Board of Directors

Board of Directors

Responsibility for the Company’s corporate governance rests with the Board. The Board’s guiding principle in meeting this responsibility is to act honestly, conscientiously and fairly, in accordance with the law, in the interests of inTechnology’s Management (with a view to building sustainable value for them) and those of the employees.

The Board also approves company goals and directions, strategic plans and performance targets, and ensures that appropriate policies, procedures and systems are in place to manage risk, optimise business performance and maintain high standards of ethical behaviour and legal compliance.
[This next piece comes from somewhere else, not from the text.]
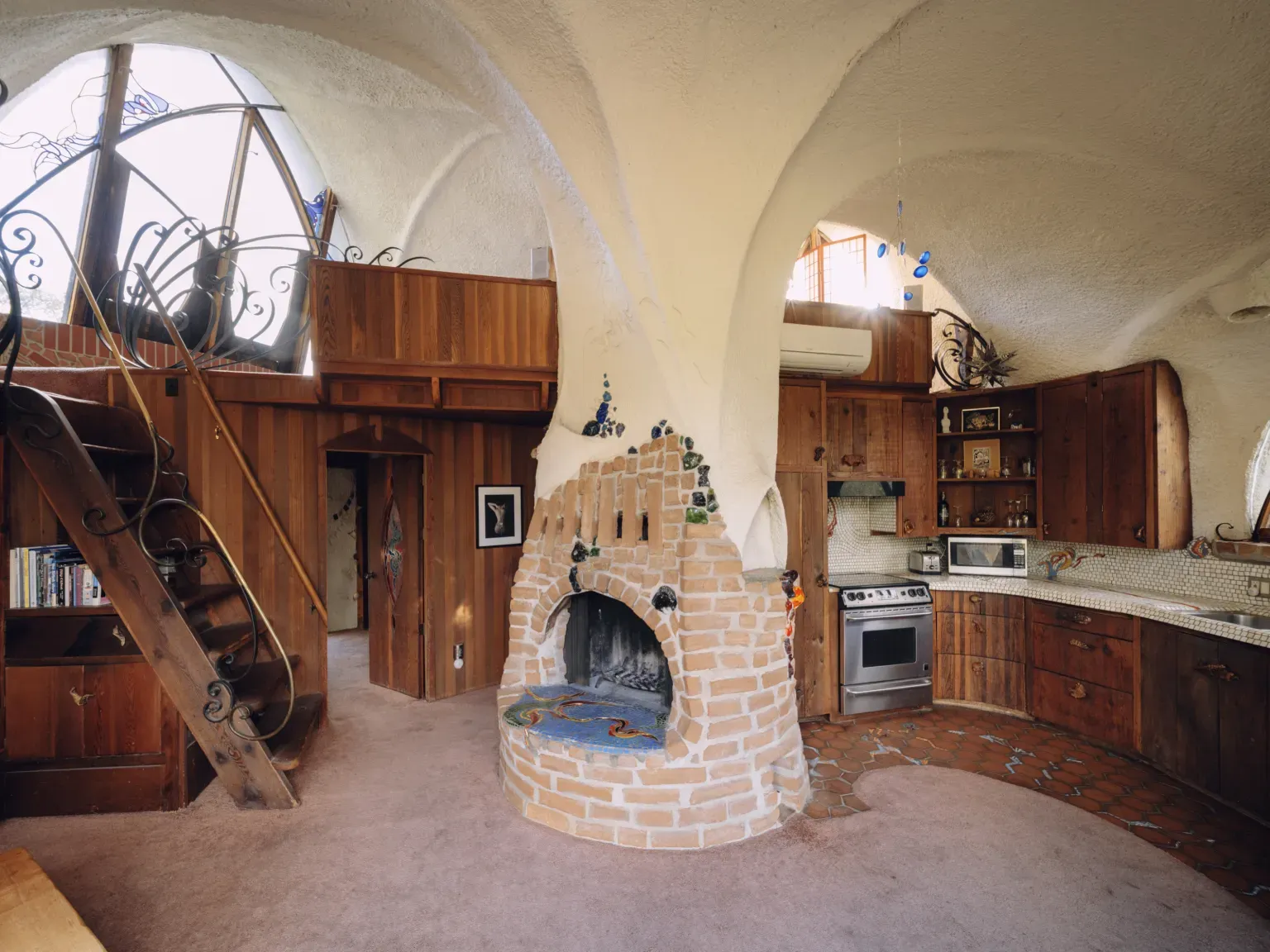 That sculpted fireplace is wild. Textured brick, everything else just softly curves.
The Board’s broad function is to:

  • chart strategy and set financial targets for the Company;
  • identify principal risks of the Company’s business;
  • monitor the implementation and execution of strategy and performance against financial and non-financial targets; and
  • appoint and oversee the performance of executive management and generally to take and fulfil an effective leadership role.
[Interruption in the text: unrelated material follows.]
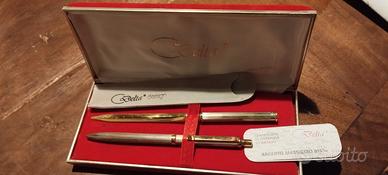 Penna e tagliacarta argento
Power and authority in certain areas is specifically reserved to the Board – consistent with its function as outlined above. These areas include:

  • composition of the Board itself including the appointment and removal of Directors;
  • oversight of the Company including its control and accountability system;
  • appointment and removal of senior management including the Managing Director, Chief Financial Officer and Company Secretary;
  • reviewing and overseeing systems of risk management and internal compliance and control, codes of ethics and conduct, and legal and statutory compliances;
  • monitoring senior management’s performance and implementation of strategy; and
  • approving and monitoring financial and other reporting and the operation of committees.

Board and Charter Policy

The Board has adopted a charter (which will be kept under review and amended from time to time as the Board may consider appropriate) to give formal recognition to the matters outlined above. This charter sets out various other matters that are important for effective corporate governance including the following:

  • a detailed definition of “independence”
  • code of conduct for Directors, executives and employees
  • formalised in a detailed code of ethics and values;dealings in securities
  • formalised in a detailed code for securities transactions designed to ensure fair and transparent trading by Directors and senior management and their associates
  • communications with shareholders and the market.
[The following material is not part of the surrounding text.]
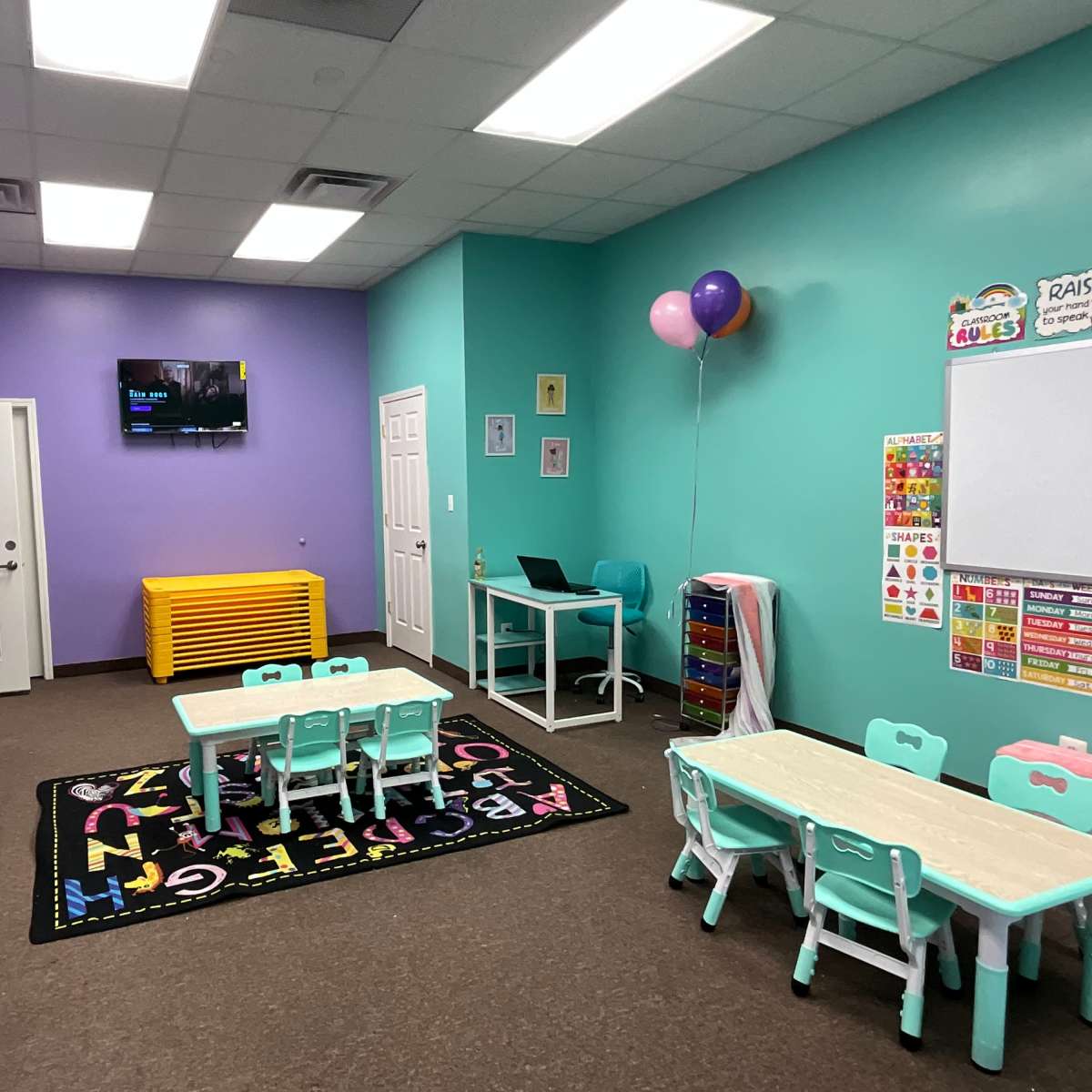 A colorful classroom features small tables and chairs, a play kitchen, storage units, and a television on the wall.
These initiatives, together with other matters provided for in the Board’s charter, are designed to “institutionalise” good corporate governance and generally build a culture of best practice in inTechnology Distributions’s own internal practices and in its dealings with others.

Audit and Risk Management

The company performs a variety of functions relevant to risk management and internal and external reporting and reports to the Board following each meeting.

Among other matters for which the committee will be responsible for are the following:

  • oversee the Company’s financial reporting process on behalf of the Board;
  • assessment of accounting, financial and internal controls;
  • corporate risk assessment and compliance with internal controls;
  • internal audit function and management processes supporting external reporting;
  • review of the effectiveness of the audit function;
  • appointment of external auditors and scope of external audit;and
  • compliance with laws and regulations.

Meetings are held at least twelve times each year. A broad agenda is laid down for each regular meeting according to an annual cycle.

Remuneration Policy

The purpose of this policy is to assist the Board to make recommendations in relation to providing advice in relation to remuneration packages of senior executives, non-executive Directors, executive Directors, employes, equity-based incentive plans, appointment of new Directors (both executive and non-executive) and senior management.

Functions performed include the following:

  • regularly reviewing and making recommendations to management with respect to an appropriate remuneration policy including retirement benefits and termination payments
  • making recommendations as to the structure of remuneration for management and employes;
  • establishment of policies and procedures for the selection and appointment of Directors;
  • identification and consideration of possible candidates for the appointment as Director;
  • ensuring that an effective induction program is available to new Directors to ensure they understand their responsibilities and the business activities of the Company;
  • identifying Directors qualified to fill vacancies on Board Committees and making recommendations; and
  • ensuring the performance of each Director, and of senior management, is reviewed and assessed each year in accordance with procedures adopted by the Board.